[[ Records supplied open ]]
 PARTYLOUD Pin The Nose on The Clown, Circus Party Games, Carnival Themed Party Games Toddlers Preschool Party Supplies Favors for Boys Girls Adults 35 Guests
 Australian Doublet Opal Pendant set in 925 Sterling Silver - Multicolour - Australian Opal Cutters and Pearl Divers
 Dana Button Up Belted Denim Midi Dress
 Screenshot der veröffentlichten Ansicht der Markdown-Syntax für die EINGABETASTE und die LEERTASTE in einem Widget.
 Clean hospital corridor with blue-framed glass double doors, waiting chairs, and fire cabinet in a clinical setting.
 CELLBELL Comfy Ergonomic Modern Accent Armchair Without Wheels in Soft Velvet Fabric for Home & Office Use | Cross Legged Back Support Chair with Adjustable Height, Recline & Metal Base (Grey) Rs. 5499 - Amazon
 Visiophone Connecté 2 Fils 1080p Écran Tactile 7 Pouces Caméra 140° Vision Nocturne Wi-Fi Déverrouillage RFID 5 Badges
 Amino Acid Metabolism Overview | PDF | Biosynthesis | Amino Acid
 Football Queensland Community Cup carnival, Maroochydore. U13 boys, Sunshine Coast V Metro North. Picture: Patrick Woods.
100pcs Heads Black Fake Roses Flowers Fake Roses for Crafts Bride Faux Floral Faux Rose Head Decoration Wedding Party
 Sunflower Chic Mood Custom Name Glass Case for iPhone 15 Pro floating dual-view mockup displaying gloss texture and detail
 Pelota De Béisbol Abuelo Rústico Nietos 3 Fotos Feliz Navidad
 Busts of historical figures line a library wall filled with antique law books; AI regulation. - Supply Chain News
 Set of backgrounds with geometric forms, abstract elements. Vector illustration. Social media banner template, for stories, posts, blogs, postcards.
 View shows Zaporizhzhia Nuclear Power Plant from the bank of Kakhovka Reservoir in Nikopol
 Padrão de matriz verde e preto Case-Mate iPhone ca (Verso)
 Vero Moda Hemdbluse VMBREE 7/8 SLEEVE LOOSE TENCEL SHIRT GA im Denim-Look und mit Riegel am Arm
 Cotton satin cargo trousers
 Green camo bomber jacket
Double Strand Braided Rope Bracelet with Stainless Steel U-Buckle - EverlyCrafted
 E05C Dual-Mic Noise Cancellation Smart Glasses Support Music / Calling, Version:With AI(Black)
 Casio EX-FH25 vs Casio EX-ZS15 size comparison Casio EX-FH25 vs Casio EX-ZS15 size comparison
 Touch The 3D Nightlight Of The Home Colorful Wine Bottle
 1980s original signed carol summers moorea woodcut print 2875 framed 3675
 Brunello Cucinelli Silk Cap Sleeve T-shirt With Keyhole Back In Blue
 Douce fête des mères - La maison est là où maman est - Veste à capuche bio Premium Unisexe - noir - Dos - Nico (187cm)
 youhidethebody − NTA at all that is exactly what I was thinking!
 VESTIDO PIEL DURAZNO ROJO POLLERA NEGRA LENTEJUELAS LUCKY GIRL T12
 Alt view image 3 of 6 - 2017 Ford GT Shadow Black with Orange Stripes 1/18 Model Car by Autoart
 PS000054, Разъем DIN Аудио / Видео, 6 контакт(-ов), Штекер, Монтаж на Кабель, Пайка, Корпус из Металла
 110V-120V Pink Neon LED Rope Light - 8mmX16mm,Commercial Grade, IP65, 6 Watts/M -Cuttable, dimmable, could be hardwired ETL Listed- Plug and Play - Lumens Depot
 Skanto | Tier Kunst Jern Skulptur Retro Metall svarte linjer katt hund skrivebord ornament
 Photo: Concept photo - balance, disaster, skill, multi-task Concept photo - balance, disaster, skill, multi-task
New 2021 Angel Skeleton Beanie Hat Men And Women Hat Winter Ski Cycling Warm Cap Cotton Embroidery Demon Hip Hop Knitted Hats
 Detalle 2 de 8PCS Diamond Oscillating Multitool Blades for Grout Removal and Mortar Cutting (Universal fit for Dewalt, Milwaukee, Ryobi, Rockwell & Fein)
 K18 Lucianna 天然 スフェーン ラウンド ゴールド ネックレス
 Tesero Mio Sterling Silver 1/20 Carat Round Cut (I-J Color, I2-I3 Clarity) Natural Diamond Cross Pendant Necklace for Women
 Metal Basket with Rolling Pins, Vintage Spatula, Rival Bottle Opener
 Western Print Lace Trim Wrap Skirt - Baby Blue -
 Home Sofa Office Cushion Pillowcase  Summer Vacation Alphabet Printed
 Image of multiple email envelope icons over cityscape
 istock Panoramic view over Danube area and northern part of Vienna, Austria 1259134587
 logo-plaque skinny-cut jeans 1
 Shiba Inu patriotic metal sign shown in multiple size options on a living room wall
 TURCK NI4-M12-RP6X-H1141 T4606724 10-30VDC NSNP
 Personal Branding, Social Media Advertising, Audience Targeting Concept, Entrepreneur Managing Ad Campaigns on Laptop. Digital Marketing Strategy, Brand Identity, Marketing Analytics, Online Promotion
[[ Records supplied closed ]]
| To do |
Reproduce each line of the data containing the word "multiple".

| Reply to the exercise |
 Image of multiple email envelope icons over cityscape
 Shiba Inu patriotic metal sign shown in multiple size options on a living room wall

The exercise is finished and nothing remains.